Reproduce word for word the lines between the one containing "Объемный обтекатель из" and the end of the entries below, both inclusive; leave out pictures.

• **SUPPLIED DATA**
------------------------------

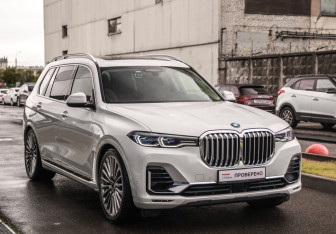 Подержанный автомобиль BMW X7 2020 года (5 фото)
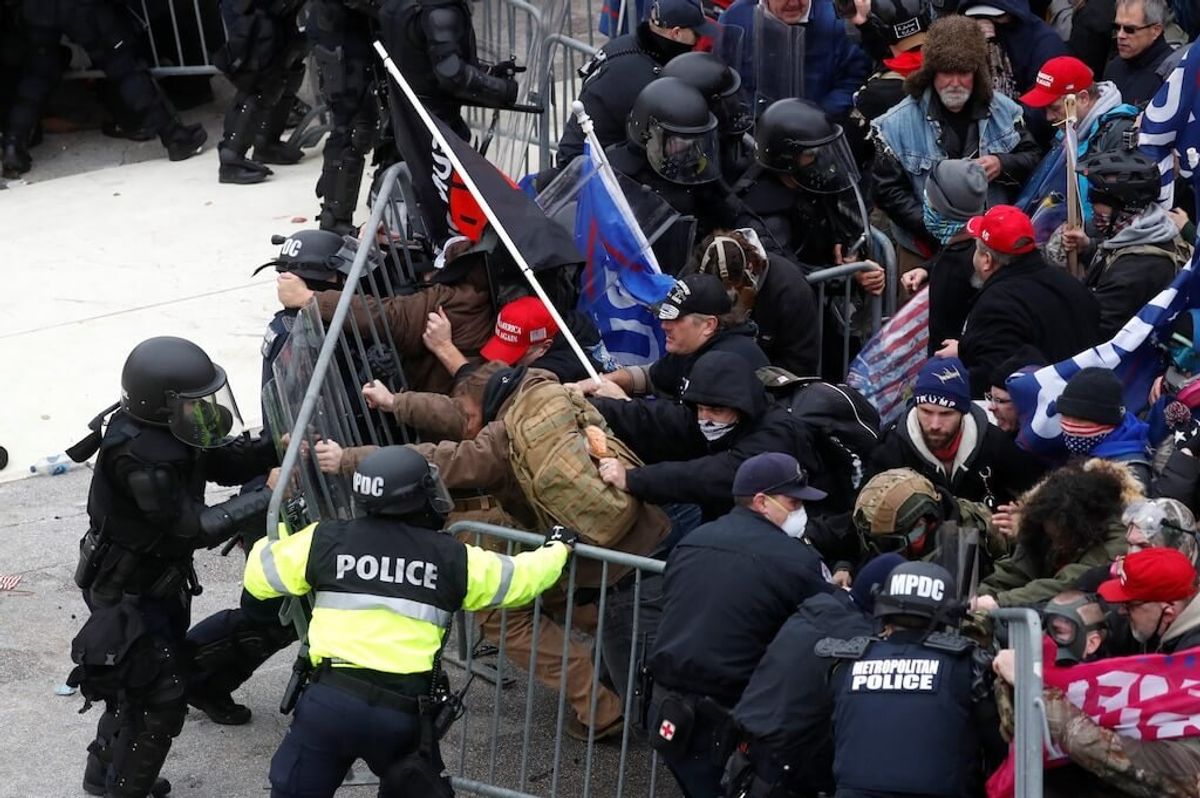 US Capitol Police Overrun by Mob After Declining Help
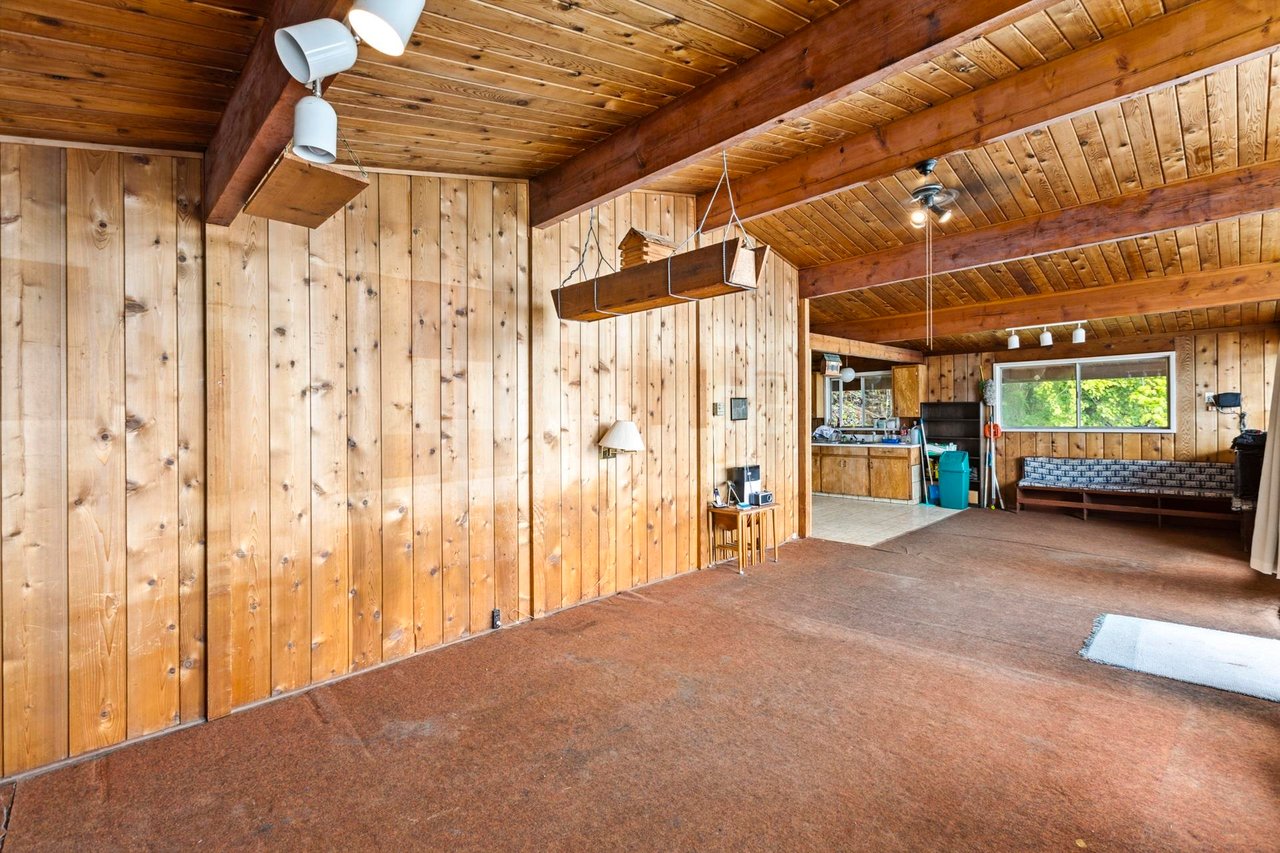 5672 Indian River Dr
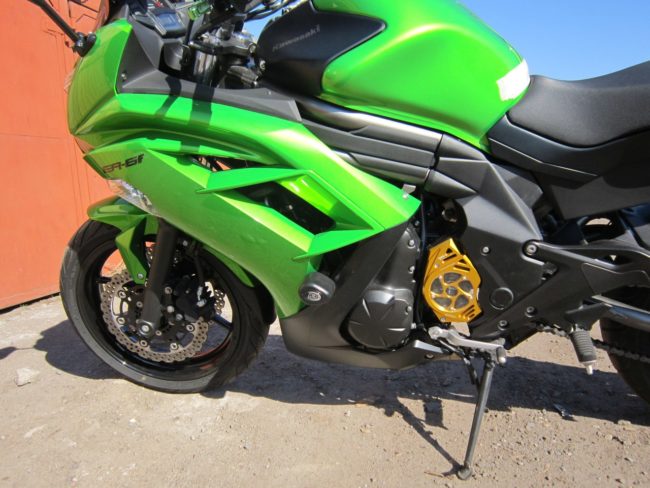 Объемный обтекатель из зеленого пластика сбоку мотоцикла Kawasaki-ER-6-F
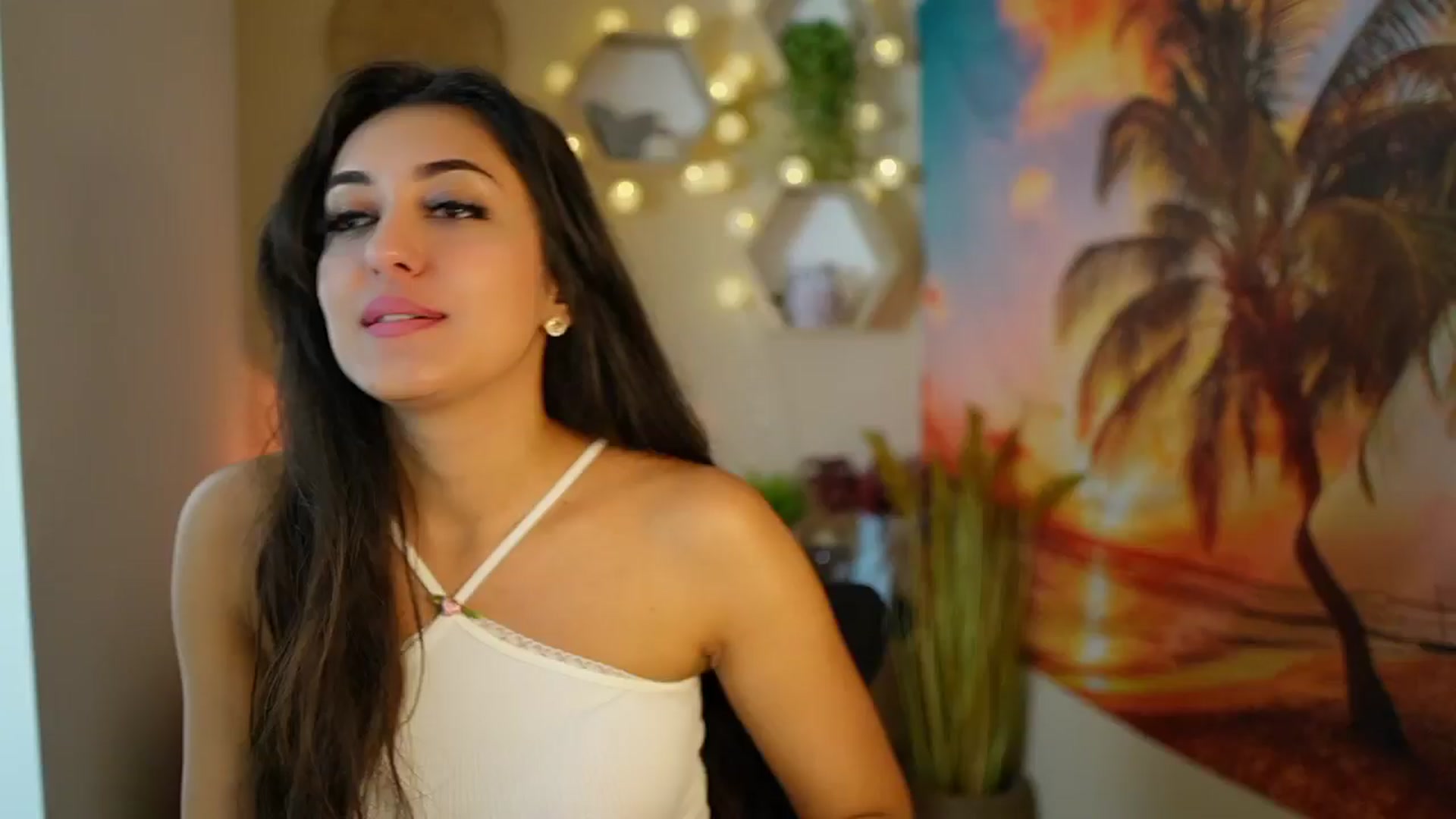 Gallery image thumbnail from Frida_Sante18's myfreecams stream on, 07/29/2024, 14:59 image 2 of 20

------------------------------

• **FINISHED TASK**
 Объемный обтекатель из зеленого пластика сбоку мотоцикла Kawasaki-ER-6-F
 Gallery image thumbnail from Frida_Sante18's myfreecams stream on, 07/29/2024, 14:59 image 2 of 20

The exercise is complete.